Enteral ve Parenteral
Enteral ve parenteral beslenme yöntemleri esas olarak gıdayı normal olarak sindiremeyen veya çalışmayan gastrointestinal yollar (GI Tracts) olan hastalara besin sağlamak için kullanılır. Besinler sıvı formunda sağlanır ve ilaçların yanı sıra yiyecekleri de ekleyebilir. Bazı kronik vakalarda, gündüzleri normal bir yaşam sürmek için hastaların geceleri beslenmesi gerekir. Bununla birlikte, bu besleme işlemleri hastanın durumuna ve ihtiyaçlarına bağlı olarak büyük ölçüde değişir..
Enteral Besleme
Bu yöntem, sıvı gıdaların doğrudan GI yoluna yerleştirilmiş bir kateterden verilmesini içerir. Hastanın ihtiyacına bağlı olarak, farklı besleme tüpleri kullanılabilir. Örneğin, bir burun midesi normal sindirim için uygun olmadığında, bir jejunostomi tüpü kullanılabilirken, bir burun tüpü ağız ve boğazı atlamak için kullanılabilir. Enteral beslenme, gastrointestinal sistem, kronik ishal veya kusmanın ameliyat sonrası felci olan hastalarda ve ayrıca ameliyat gerektiren açlıktan ölen hastalar için önerilmez..
Enteral beslenmenin avantajları arasında kolay alım, doğru izleme yeteneği, oral mümkün olmadığında besin sağlama yeteneği, daha az maliyetli, kolayca temin edilebilir malzemeler, düşük bakteriyel translokasyon, bağırsakların immünolojik fonksiyonunun korunması vb. Ana dezavantajlar gastrointestinal, metabolik, mekanik komplikasyon, düşük taşınabilirlik, yoğun çalışma, uygulama ve izleme vb..
Parenteral Besleme
Parenteral beslenme, besinleri intravenöz veya doğrudan kan dolaşımına besleyen yöntemdir. Normalde kateterler hastanın juguler vene, subklavyen vene, klavikula altına veya kolun büyük kan damarından birine yerleştirilir. GI yolu veya kronik diyare sonrası felç olan hastalar, intravenöz beslenme yoluyla besin sağlayan toplam parenteral beslenmeye ihtiyaç duyarlar. Az gelişmiş sindirim sistemi olan bebekler, GI yollarında doğum kusurları olan hastalar ve Crohn hastalığı olan ebeveynler için parenteral beslenme yöntemi de önerilir..

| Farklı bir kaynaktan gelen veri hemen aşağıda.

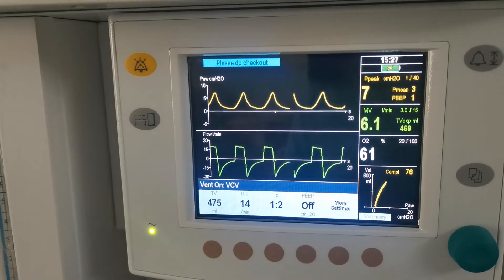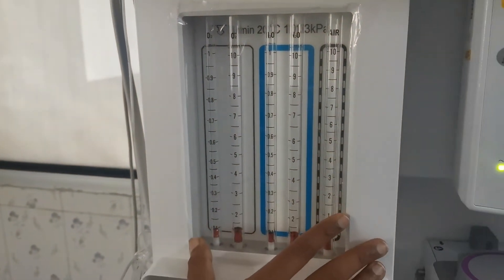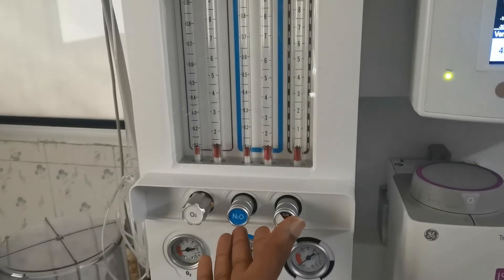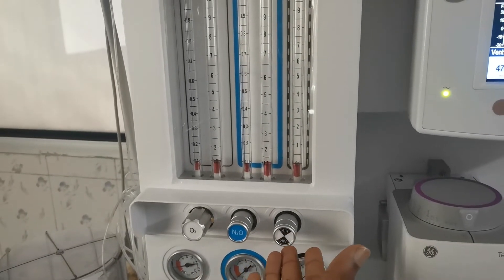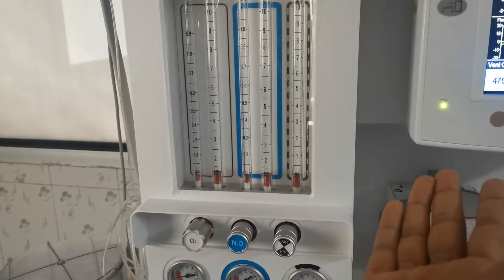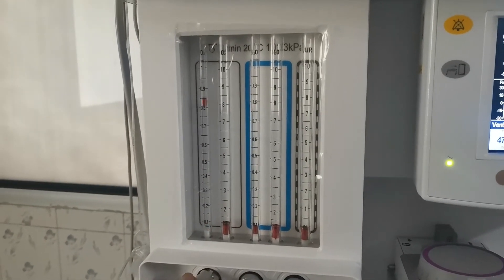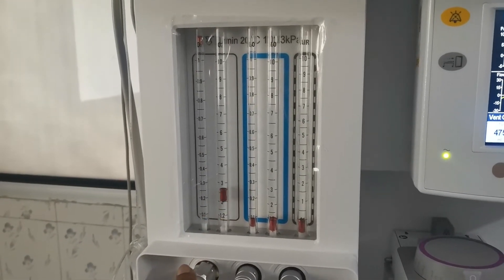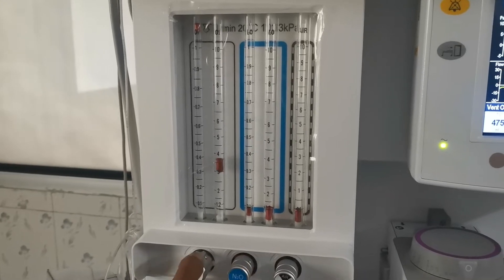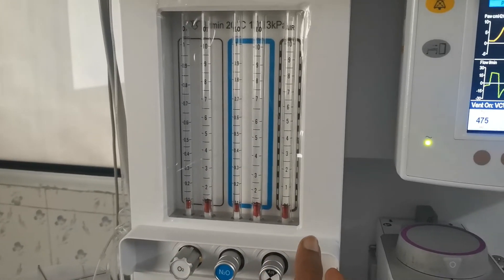Here is the fresh gas flow. You have O2 here. You can set the gases as per your requirement.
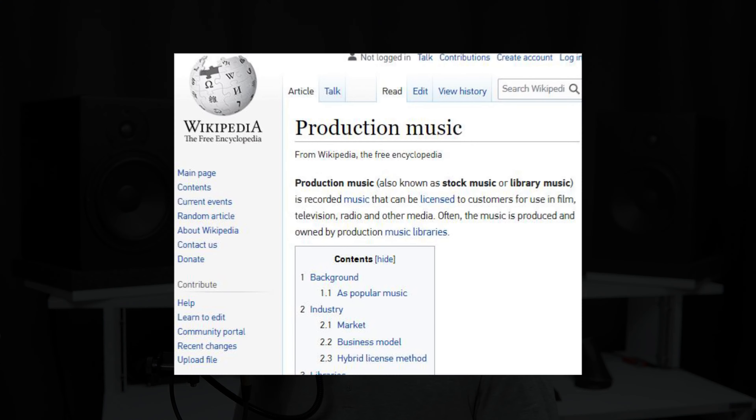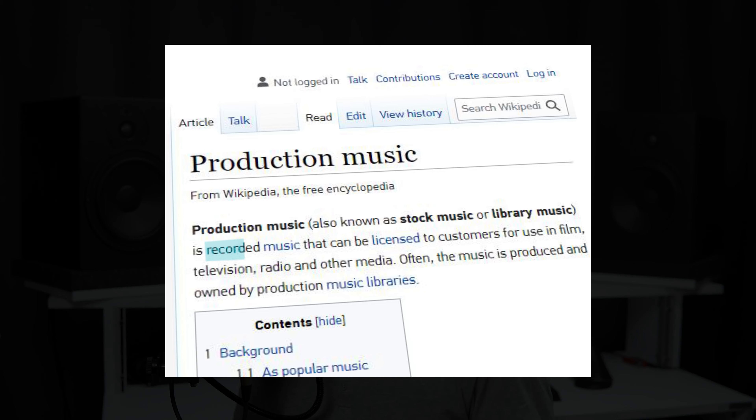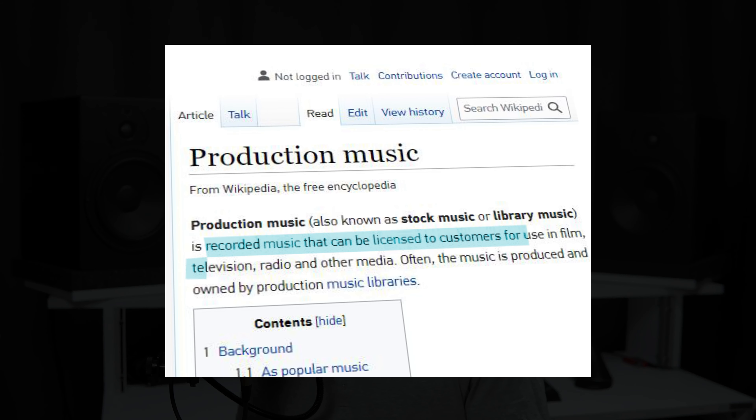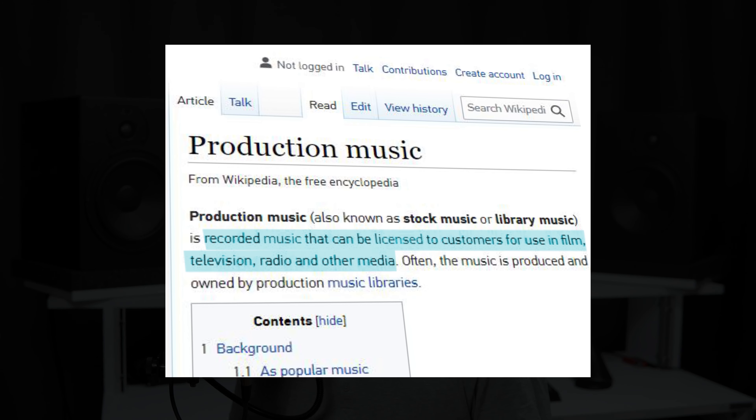Sometimes license-free songs are often mistaken for stock music. But according to Wikipedia, stock music is usually accredited and used in films, TV shows, radios and so on. Copyright free music is not limited to particular areas of usage or even categories, so you can get any tune you like.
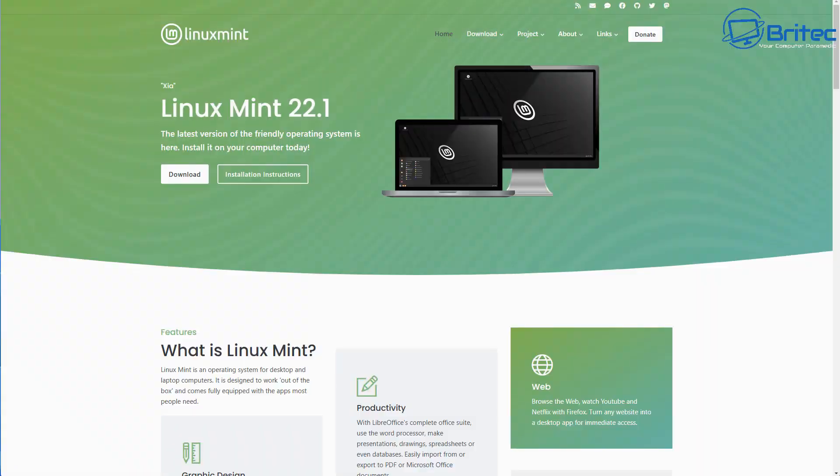Linux is quite frightening to some people but it shouldn't be. It's quite easy to install and is a very good option because you'll be able to continue using that computer and receive security updates and software updates for that operating system. Linux Mint is a really good option for a lot of people.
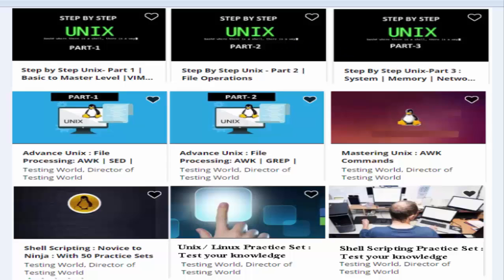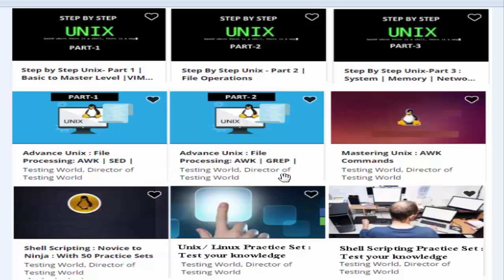Apart from that, we have many other courses like advanced UNIX courses covering AWK, SED, VIM, and many other commands, with part 1 and part 2 available. We also have a dedicated course for AWK commands — AWK utility is used to process data in UNIX. You can also choose our shell scripting course. We are going to launch a few new courses, including a UNIX Linux practice set. Once you complete all these courses, you will have a decent understanding of UNIX, Linux, and shell scripting, with practice exercises to check your knowledge.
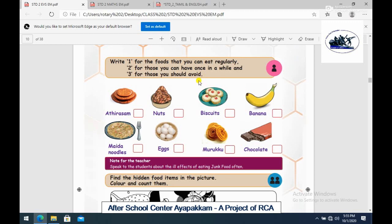Now we are going to talk about food items. The food items listed are: nuts, biscuits, banana, maida noodles, eggs, murukku, and chocolate.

İki veya üçten az ince bağırsak olduğunda besin maddelerinin sağlanması, GI intoleransı oral veya enteral desteği önlediğinde beslenme desteğine izin verilmesi, parenteral beslenmenin iki temel avantajıdır.
Enteral ve Parenteral
• Enteral beslenme, sıvı gıdaların doğrudan gastrointestinal sisteme yerleştirilmiş bir kateterden verilmesini içerirken, parenteral beslenme, besin maddelerinin doğrudan kan akışına verilmesini içerir.
• Düşük riskli durumlarda, enteral beslenme parenteral beslemeye göre daha fazla tercih edilir.
• Enteral beslenme gerektiren durumlar yutma bozukluğu, ağızdan yeterli besinleri alamama, sindirim bozukluğu, emilim ve metabolizma, şiddetli israf veya depresif büyümedir..
• Parenteral beslenme gerektiren durumlar gastrointestinal yetersizlik, zayıf enteral toleranslı veya erişilebilirlikli hipermetabolik durumdur.
• Nörolojik bozukluklar, HIV / AIDS, yüz travması, oral travma, konjenital anomaliler, kistik fibroz, komatoz durumlar vb. Gibi tipik bozuklukları olan hastalar enteral beslenmeye ihtiyaç duyarken kısa bağırsak sendromu, şiddetli akut pankreatit, ince bağırsak iskemisi gibi tipik bozuklukları olan hastalar , bağırsak atrezi, şiddetli karaciğer yetmezliği, kemik iliği nakli, ventilatör bağımlılığı ile akut solunum yetmezliği vb..
• Enteral beslenme yönteminden farklı olarak, parenteral beslenme doğrudan kana besin sağlar.
• Parenteral yöntem enteral yöntemden daha pahalıdır.